▶ **Information shown**

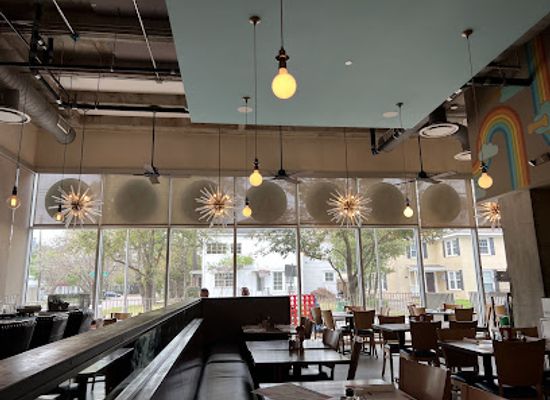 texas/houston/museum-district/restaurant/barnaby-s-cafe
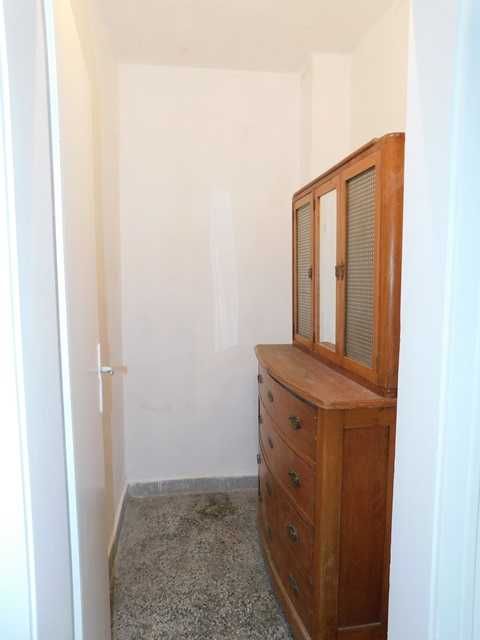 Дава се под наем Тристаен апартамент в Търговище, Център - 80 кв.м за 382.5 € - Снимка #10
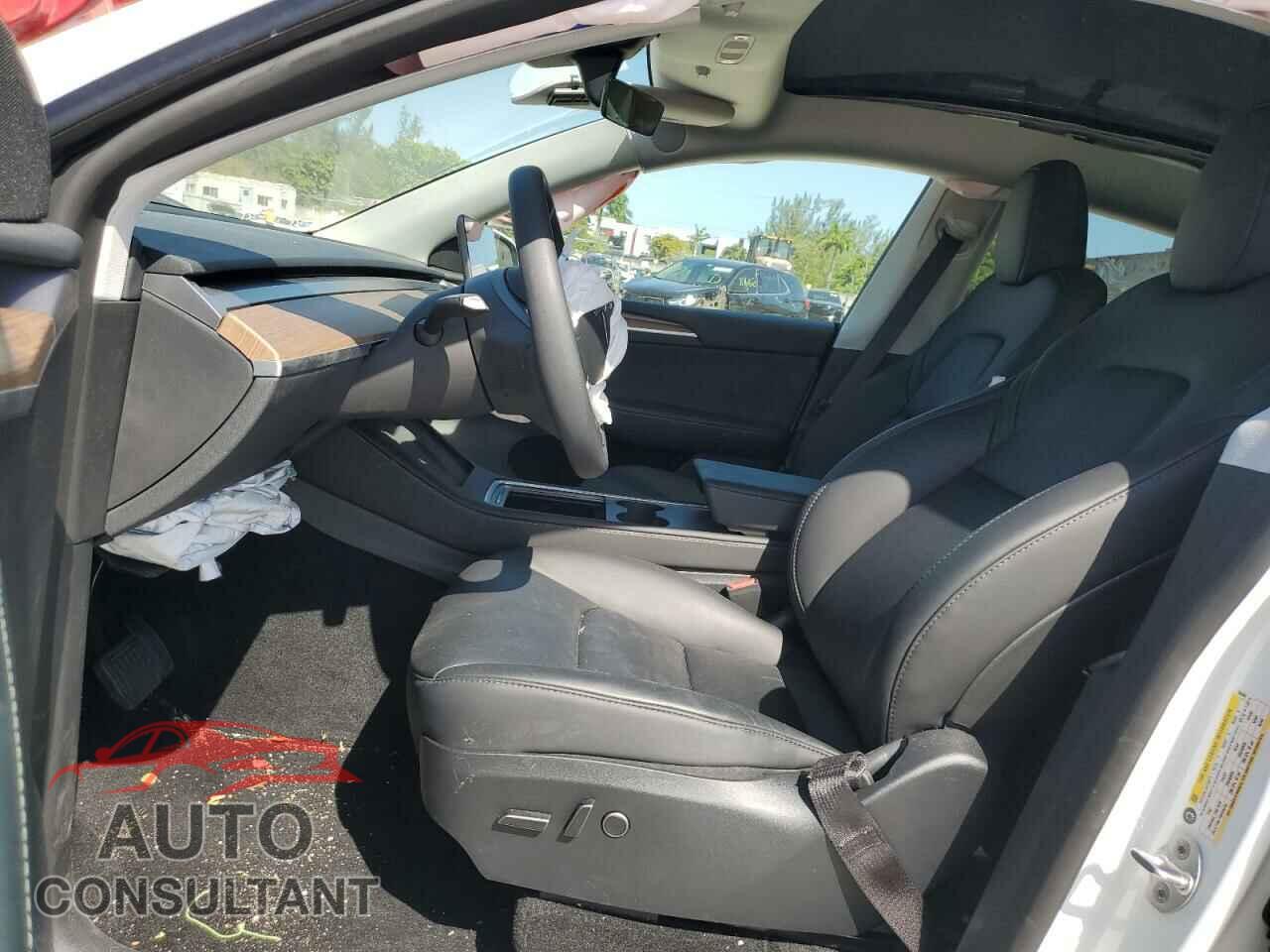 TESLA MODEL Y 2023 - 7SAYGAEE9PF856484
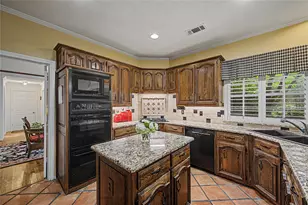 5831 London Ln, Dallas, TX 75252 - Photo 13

==

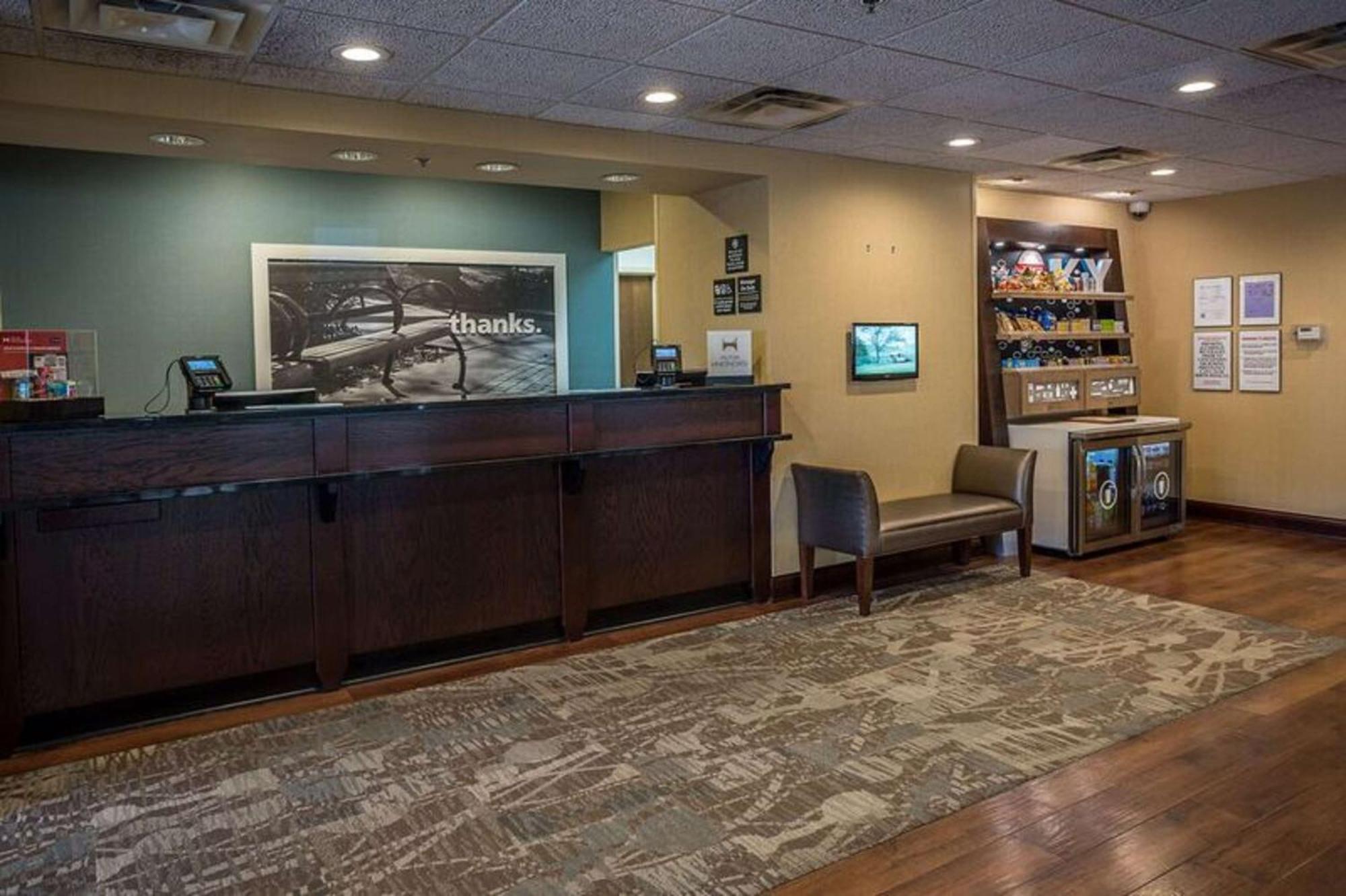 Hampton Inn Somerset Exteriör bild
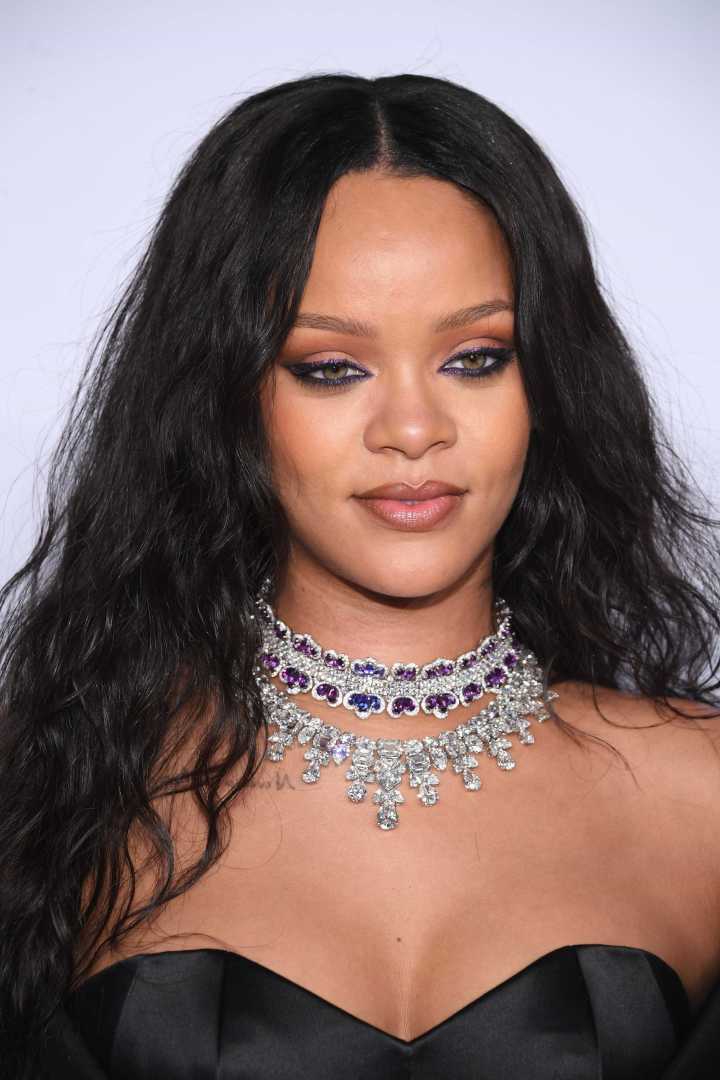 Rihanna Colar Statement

▶ **Task statement**
In the listing above, find the line containing "Дава се под" and the line containing "5831 London Ln, Dallas, TX 75252 - Photo 13", then print exactly those two lines and every line between them, minus the pictures.

▶ **Solution for this exercise**
 Дава се под наем Тристаен апартамент в Търговище, Център - 80 кв.м за 382.5 € - Снимка #10
 TESLA MODEL Y 2023 - 7SAYGAEE9PF856484
 5831 London Ln, Dallas, TX 75252 - Photo 13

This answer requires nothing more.